Tebori is Japanese for “hand-carved,” referring to the indigenous method of tattooing by hand using a sharpened bamboo stick called a nomi. Holding the nomi like a pool cue, artists insert the ink with a repeated stabbing motion.
Due to associations with the Japanese mafia, many tebori artists remain underground. Only a handful still live in Japan and, according to Takashi Matsuba, there’s only two practicing the art form in New York. He’s one of them.
Matsuba’s Brooklyn studio doesn’t have a sign. The tattoo artist isn’t particularly furtive; he’s eager to talk about his craft. He doesn’t announce himself because he isn’t interested in tattooing just anyone.

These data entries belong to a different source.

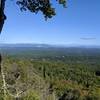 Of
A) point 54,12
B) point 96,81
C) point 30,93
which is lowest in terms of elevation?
point 96,81

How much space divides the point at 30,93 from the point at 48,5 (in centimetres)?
676

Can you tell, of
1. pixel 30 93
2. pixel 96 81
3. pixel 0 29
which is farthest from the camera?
pixel 96 81

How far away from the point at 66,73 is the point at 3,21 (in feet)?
411

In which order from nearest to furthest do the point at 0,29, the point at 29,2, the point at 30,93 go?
the point at 0,29
the point at 29,2
the point at 30,93

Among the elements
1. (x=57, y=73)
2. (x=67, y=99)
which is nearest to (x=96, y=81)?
(x=57, y=73)

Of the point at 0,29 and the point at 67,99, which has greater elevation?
the point at 0,29

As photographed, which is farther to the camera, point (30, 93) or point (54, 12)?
point (30, 93)

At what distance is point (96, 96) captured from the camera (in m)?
52.9

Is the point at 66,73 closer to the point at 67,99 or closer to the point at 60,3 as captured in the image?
the point at 67,99

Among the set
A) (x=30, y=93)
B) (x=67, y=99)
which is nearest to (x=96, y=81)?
(x=67, y=99)

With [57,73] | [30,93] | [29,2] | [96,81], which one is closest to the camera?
[29,2]

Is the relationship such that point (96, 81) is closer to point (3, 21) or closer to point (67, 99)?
point (67, 99)

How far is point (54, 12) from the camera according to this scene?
46.8 ft

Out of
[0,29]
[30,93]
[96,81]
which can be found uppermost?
[0,29] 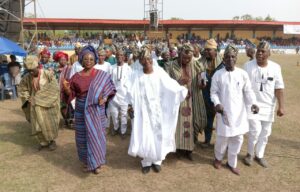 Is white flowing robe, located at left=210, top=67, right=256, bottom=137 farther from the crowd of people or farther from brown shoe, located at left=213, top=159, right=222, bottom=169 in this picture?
brown shoe, located at left=213, top=159, right=222, bottom=169

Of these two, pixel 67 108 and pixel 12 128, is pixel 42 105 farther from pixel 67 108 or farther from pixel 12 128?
pixel 12 128

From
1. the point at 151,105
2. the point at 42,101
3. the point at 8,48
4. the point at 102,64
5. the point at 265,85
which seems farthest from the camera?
the point at 8,48

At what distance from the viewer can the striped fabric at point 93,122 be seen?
4.52m

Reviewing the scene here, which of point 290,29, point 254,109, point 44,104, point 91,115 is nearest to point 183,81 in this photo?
point 254,109

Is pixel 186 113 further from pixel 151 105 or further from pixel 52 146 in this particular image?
pixel 52 146

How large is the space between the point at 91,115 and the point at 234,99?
6.17ft

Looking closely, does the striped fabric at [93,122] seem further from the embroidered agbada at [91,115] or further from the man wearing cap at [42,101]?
the man wearing cap at [42,101]

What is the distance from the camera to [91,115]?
4.54 metres

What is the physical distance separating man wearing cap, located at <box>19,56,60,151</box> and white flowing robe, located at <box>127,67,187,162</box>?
5.49 ft

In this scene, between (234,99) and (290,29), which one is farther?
(290,29)

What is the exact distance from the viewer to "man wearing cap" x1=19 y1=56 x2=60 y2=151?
221 inches

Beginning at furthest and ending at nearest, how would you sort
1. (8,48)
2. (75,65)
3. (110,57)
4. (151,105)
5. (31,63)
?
1. (8,48)
2. (110,57)
3. (75,65)
4. (31,63)
5. (151,105)

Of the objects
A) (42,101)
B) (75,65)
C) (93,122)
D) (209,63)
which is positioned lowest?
(93,122)

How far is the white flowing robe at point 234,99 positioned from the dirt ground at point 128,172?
66cm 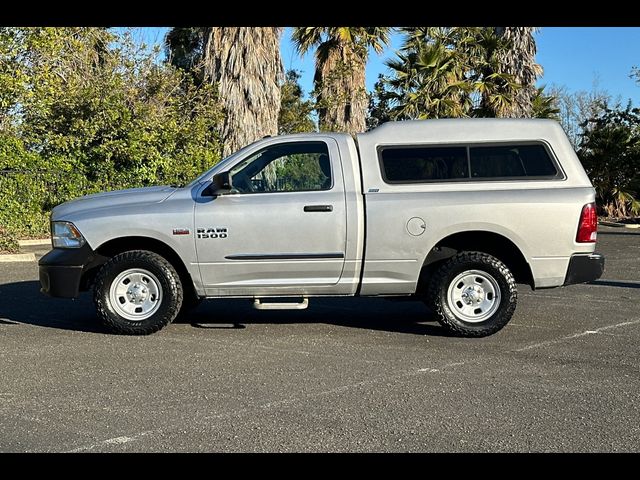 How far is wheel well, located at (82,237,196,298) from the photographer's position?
26.5ft

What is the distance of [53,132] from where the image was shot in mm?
18844

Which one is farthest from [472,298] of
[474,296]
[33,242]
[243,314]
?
[33,242]

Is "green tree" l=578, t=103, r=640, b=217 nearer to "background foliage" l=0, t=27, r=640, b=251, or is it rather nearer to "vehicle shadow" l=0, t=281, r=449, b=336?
"background foliage" l=0, t=27, r=640, b=251

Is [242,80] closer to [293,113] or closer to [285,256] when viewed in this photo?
[293,113]

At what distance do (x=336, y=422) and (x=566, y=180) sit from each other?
4110mm

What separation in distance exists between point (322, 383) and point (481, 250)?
2.91 meters

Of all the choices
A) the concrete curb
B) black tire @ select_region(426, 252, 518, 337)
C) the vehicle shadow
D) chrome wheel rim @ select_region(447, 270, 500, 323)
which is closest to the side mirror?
the vehicle shadow

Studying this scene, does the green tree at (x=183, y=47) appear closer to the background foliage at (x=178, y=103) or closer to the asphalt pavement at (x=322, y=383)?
the background foliage at (x=178, y=103)

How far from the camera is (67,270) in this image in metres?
7.96

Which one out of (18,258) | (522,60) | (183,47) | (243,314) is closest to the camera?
(243,314)

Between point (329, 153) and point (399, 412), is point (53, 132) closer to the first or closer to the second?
point (329, 153)

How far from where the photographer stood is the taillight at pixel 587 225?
786 centimetres

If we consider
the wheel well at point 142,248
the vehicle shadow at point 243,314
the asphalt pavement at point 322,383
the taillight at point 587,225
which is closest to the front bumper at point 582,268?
the taillight at point 587,225

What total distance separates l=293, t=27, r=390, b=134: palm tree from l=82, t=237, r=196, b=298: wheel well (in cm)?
1870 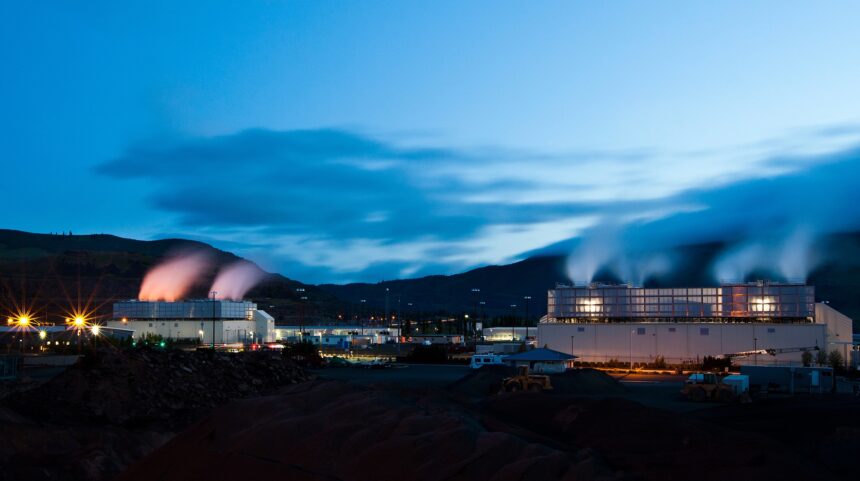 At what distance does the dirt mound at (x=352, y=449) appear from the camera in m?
13.2

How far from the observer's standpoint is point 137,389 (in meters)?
27.6

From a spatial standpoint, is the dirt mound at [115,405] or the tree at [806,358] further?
the tree at [806,358]

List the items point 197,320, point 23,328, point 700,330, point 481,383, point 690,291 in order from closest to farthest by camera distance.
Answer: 1. point 481,383
2. point 700,330
3. point 690,291
4. point 23,328
5. point 197,320

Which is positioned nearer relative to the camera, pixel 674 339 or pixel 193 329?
pixel 674 339

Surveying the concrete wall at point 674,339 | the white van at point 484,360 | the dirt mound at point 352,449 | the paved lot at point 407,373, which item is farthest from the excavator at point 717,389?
the dirt mound at point 352,449

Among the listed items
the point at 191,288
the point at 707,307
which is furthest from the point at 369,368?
the point at 191,288

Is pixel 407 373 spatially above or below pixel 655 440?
below

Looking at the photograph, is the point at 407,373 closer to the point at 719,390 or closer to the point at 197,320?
the point at 719,390

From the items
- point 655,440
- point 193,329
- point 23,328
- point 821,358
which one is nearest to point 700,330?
point 821,358

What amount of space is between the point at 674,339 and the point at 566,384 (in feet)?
71.7

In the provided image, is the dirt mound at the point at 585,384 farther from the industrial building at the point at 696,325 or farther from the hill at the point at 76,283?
the hill at the point at 76,283

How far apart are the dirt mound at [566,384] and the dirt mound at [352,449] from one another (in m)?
23.8

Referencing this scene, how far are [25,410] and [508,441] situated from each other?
683 inches

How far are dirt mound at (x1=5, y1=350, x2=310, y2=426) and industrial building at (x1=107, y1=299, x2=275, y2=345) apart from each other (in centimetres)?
6026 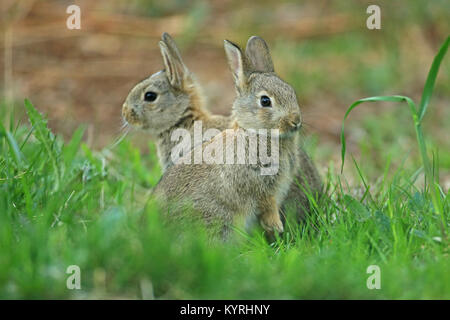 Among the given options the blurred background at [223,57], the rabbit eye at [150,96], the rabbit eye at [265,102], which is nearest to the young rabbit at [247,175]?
the rabbit eye at [265,102]

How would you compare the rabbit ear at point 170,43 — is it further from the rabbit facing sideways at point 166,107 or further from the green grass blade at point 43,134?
the green grass blade at point 43,134

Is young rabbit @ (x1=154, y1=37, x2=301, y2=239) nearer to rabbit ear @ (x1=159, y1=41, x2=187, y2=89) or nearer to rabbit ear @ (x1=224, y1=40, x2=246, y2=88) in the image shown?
rabbit ear @ (x1=224, y1=40, x2=246, y2=88)

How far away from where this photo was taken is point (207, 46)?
10453 millimetres

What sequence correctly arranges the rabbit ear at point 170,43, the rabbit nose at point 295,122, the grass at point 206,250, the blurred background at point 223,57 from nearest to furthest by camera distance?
the grass at point 206,250, the rabbit nose at point 295,122, the rabbit ear at point 170,43, the blurred background at point 223,57

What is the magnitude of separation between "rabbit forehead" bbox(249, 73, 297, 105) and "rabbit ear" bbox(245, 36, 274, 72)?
27cm

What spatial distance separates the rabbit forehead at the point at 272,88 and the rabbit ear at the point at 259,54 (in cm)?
27

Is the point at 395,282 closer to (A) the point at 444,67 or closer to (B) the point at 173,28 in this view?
(A) the point at 444,67

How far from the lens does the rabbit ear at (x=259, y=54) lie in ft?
16.7

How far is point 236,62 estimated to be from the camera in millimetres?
4980

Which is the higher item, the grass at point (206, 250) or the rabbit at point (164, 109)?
the rabbit at point (164, 109)

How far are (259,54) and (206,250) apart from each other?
232 cm

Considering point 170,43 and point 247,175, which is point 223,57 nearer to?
point 170,43

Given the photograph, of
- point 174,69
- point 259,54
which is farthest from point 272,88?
point 174,69

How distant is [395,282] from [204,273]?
1.01m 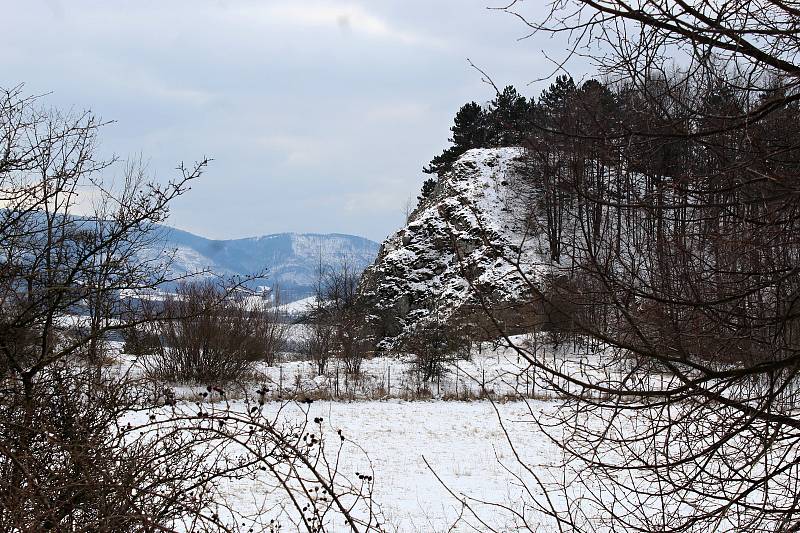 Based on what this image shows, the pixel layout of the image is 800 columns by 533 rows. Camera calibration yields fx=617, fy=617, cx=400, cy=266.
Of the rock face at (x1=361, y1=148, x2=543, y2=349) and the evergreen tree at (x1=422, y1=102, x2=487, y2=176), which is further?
the evergreen tree at (x1=422, y1=102, x2=487, y2=176)

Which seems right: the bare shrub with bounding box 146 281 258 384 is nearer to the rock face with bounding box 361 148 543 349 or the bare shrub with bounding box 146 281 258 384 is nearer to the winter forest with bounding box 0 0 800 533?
the winter forest with bounding box 0 0 800 533

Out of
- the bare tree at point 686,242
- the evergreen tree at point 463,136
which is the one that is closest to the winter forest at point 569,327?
the bare tree at point 686,242

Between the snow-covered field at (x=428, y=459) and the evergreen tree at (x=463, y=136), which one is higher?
the evergreen tree at (x=463, y=136)

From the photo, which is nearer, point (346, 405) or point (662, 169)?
point (662, 169)

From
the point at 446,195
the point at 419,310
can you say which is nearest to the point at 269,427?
the point at 419,310

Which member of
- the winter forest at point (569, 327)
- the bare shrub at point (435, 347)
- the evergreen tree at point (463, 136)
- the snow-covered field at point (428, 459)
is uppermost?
the evergreen tree at point (463, 136)

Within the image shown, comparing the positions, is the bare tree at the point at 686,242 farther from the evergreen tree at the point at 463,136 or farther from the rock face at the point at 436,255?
the evergreen tree at the point at 463,136

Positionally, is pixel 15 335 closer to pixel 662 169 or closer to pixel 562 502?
pixel 662 169

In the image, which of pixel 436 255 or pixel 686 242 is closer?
pixel 686 242

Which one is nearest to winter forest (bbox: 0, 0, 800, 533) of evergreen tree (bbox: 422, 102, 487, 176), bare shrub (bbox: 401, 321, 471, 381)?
bare shrub (bbox: 401, 321, 471, 381)

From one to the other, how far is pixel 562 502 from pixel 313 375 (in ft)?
47.8

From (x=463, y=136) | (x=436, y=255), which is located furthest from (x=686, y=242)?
(x=463, y=136)

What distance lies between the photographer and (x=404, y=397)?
20594 millimetres

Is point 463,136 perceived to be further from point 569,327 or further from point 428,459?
point 569,327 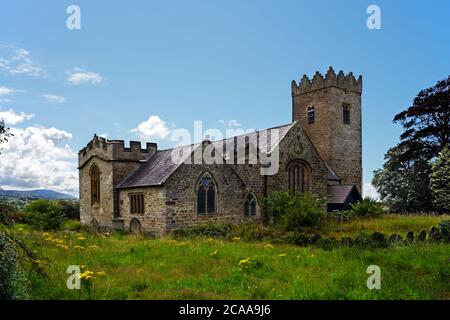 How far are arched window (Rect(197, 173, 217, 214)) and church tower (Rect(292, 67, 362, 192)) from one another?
17.6m

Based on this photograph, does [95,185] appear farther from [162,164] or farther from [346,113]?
[346,113]

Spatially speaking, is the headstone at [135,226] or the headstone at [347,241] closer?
the headstone at [347,241]

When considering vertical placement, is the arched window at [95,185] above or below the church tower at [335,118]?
below

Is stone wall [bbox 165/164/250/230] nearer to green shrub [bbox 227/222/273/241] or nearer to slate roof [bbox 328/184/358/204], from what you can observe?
green shrub [bbox 227/222/273/241]

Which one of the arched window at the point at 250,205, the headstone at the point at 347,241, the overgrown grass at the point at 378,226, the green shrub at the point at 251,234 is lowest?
the overgrown grass at the point at 378,226

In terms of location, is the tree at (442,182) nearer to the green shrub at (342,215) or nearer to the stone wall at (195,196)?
the green shrub at (342,215)

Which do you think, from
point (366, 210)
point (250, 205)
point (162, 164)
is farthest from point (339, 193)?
point (162, 164)

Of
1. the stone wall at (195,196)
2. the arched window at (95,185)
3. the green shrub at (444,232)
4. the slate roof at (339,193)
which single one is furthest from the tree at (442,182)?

“Usually, people email me first,” he says. “Then I choose a customer.”
Matsuba began his career as an apprentice. A Japanese apprentice is more like a servant than a student. “You clean up. You cook food. They don’t teach you,” he explains.
Apprentices learn by watching their masters work. They practice on their own time. Matsuba practiced on his own skin. “When you are young, you don’t care. I was tattooing [myself] once every two days,” he says.
Before his client arrives, he mixes his inks. The inks are one of the ways he can distinguish a hand-poked tattoo from one made by machine. Most tattoo shops are limited to what’s commercially available. “We make our ink ourselves,” Matsuba says. “I can see if that’s my own ink, or bought ink.”
He also makes his own nomi. He used to use a simple piece of sharpened bamboo, which is more traditional, until he was forced to switch. “In the United States, you can’t use it because of the health department. They have a law. You have to use something sterilizable. I was using something like this at a convention and the health department stopped me,” says Matsuba.
His client today has requested a tattoo of a chrysanthemum. That’s all the input the client of a horishi — Japanese for “trained artist” — will typically be allowed to give. Matsuba has created an outline and picked out the colors.
He outlines the tattoo with a tattoo machine. Matsuba thinks tebori’s chief strengths lie in shading and gradation. For the black outline, the machine works just as well.
The rest he pokes by hand. He dips the tip of the nomi in the colored ink, poking the skin with a quick rhythm. A tattoo machine’s electric hum masks the sound of needle piercing flesh, but the sound of needles is plainly audible. It sounds like someone repeatedly pressing their lips together very lightly. Matsuba says he finds the sound soothing.
Tebori is often thought to be more time-consuming and painful than machine tattooing, but he disagrees. A skilled tebori artist can work just as fast as a machine, and the amount of pain comes down to the artist, not the method. “If you’re trying to get a whole back piece, yes, it’s painful,” he admits. “But the machine is the same. I think the machine is more painful.”